Miller, also a private, served with the First Army during the Battle of the Bulge, also known as the Ardennes Offensive. He had no winter clothing, so he wore everything he had in an attempt to stay warm.
"It started out rainy and foggy, but it got colder," he said. "Then we had snow up to our hips. I had an overcoat that was like a horse blanket. When it got wet, it was heavy and cumbersome. We slept under tanks or on the ground. It was so cold and miserable."
Historian and author Alex Kershaw has interviewed both men about their experiences in World War II, including during two events this year at the National Archives through the Friends of the National World War II Memorial. Kershaw's latest book, "Patton's Prayer: A True Story of Courage, Faith, and Victory in World War II," focuses on the Battle of the Bulge.
"There are so few World War II veterans left. It's super important that we learn their stories before they are all gone," he said.
The path to war was different for the two veterans. Born in Ohio in 1929, Miller was raised by his sister after his parents died. At 15, he lied about his age and enlisted in the U.S. Army. He was 16 when the Battle of the Bulge began.
"As a kid, I wanted to be a soldier," he said. "That's all I ever wanted."
Miller never told anyone his age for fear of being sent home. He was frightened to be in combat but noticed more mature soldiers were, too.
"I saw that the ‘old men' were scared," he remembered. "They were 28 or 29, so I figured that was normal."
Cohn, born Jewish in Germany, witnessed the horrors of Adolf Hitler's rise to power when his uncle was killed by brown-shirted supporters. He was 13 when his family escaped to the United States.
"I didn't speak English," he said. "I listened to the radio and went to the movies so I could learn to talk without an accent."

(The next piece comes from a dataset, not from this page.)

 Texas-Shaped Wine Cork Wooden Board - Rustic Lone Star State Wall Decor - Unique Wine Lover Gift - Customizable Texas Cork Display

Drafted at 18, Cohn was about to be assigned to a combat regiment when the Army learned of his language skills. He was then sent to a unit interrogating German prisoners of war.
In December 1944, Allied forces were thinly stretched across a long defensive line in Western Europe. Hitler's goal was to split the Allied armies in two. Caught off guard, the Americans and British suffered massive casualties and retreated before the onslaught.

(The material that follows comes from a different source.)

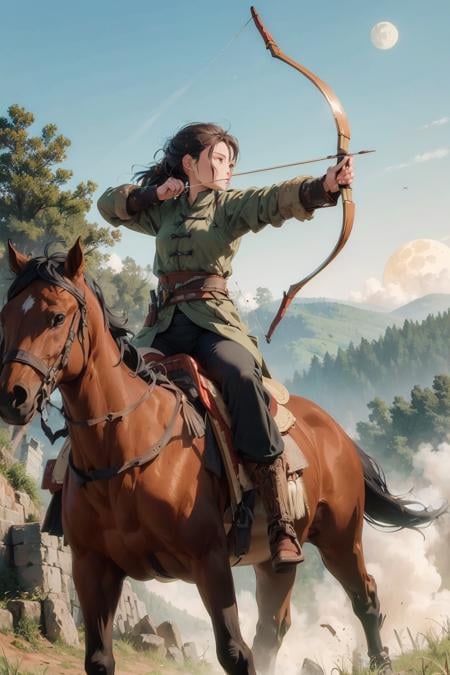 1girl, mounted archery, archery, horseback riding , horse, fire, ((moon night)), masterpiece, best quality, 8k, outdoors, Ancient Chinese fortresses background, city walls, grass, snow,(late night), Bloody battleground, crumbling ruins, scattered weapons, fallen soldiers, war-torn landscape, echoes of conflict, ancient battleground, battle-scarred terrain, war remnants, historical battleground, remnants of war, bow \(weapon\), arrow (projectile), drawing bow, aiming, holding weapon, holding bow (weapon), holding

On Dec. 16, Miller's unit was ordered to get tanks at a supply depot, where they discovered only broken ones. They pieced together two Sherman tanks and an assault vehicle with a 105-millimeter cannon, then were ordered to engage the feared 1st SS Panzer Division at the Belgian town of Stoumont.
"They were called the Hitler Division,"
Miller said. "They had a bad reputation for killing people for no reason at all."

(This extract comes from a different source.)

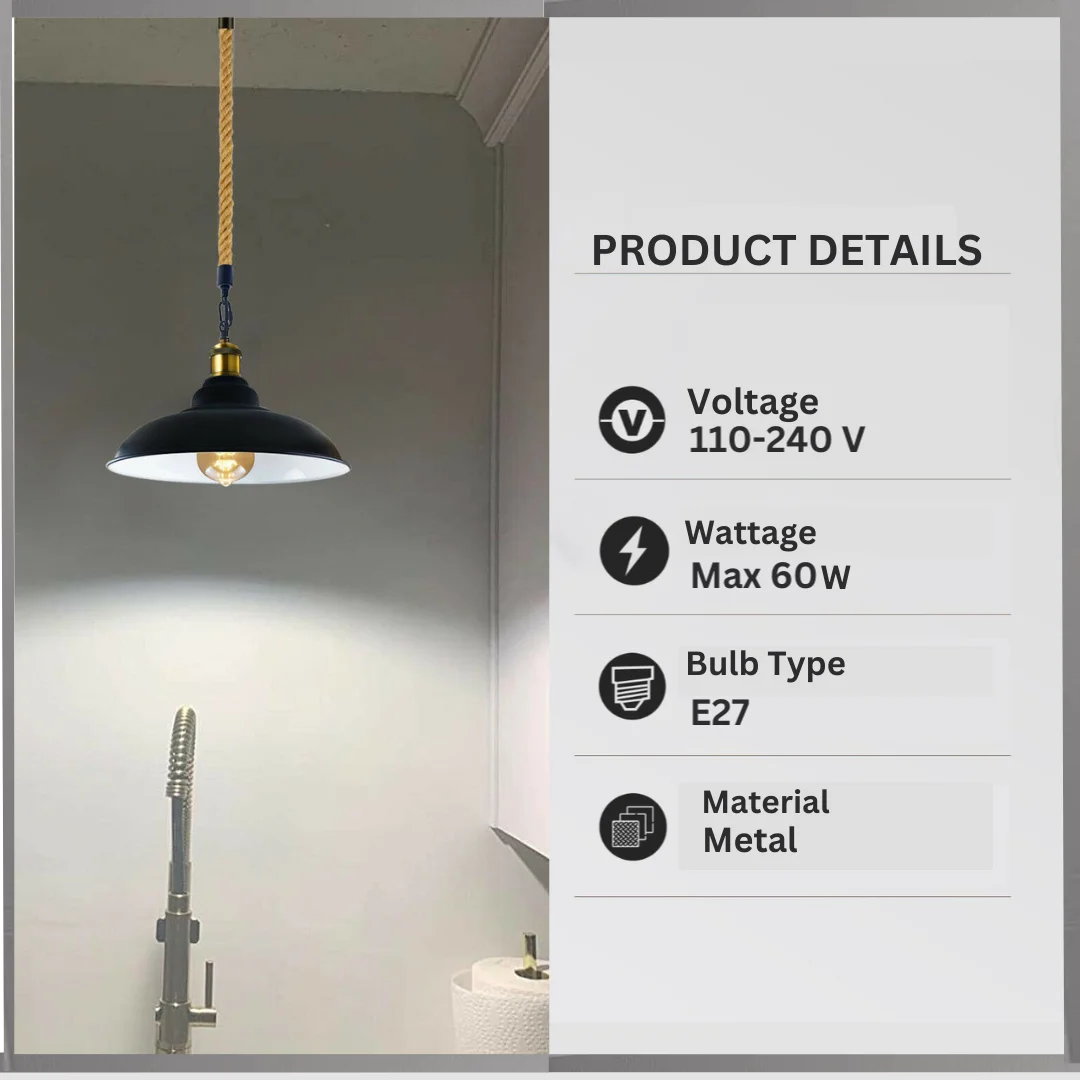 Black metal ceiling light with gold holder, vintage pendant and classic modern design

The gunners of the 760th Tank Battalion knocked out three German tanks and stalled the drive.
"In our first half-hour of combat, we turned around the 1st SS Panzer Division, which had never been done before," Miller said.
Cohn, meanwhile, was hitchhiking to a town near the border. He wanted to show a friend the home of a German officer he had discovered.
They never made it. Roadblocks with military police turned them away. The next day, members of the 1st SS Panzer Division executed 84 American POWs there in what is remembered as the Malmedy Massacre.
"If we hadn't been stopped, who knows what would have happened to us?" Cohn said.
After blunting the German attack, Miller's battalion was sent to help soldiers trapped in a building guarded by a Nazi tank. The Americans blew it up and were ordered to check for other survivors.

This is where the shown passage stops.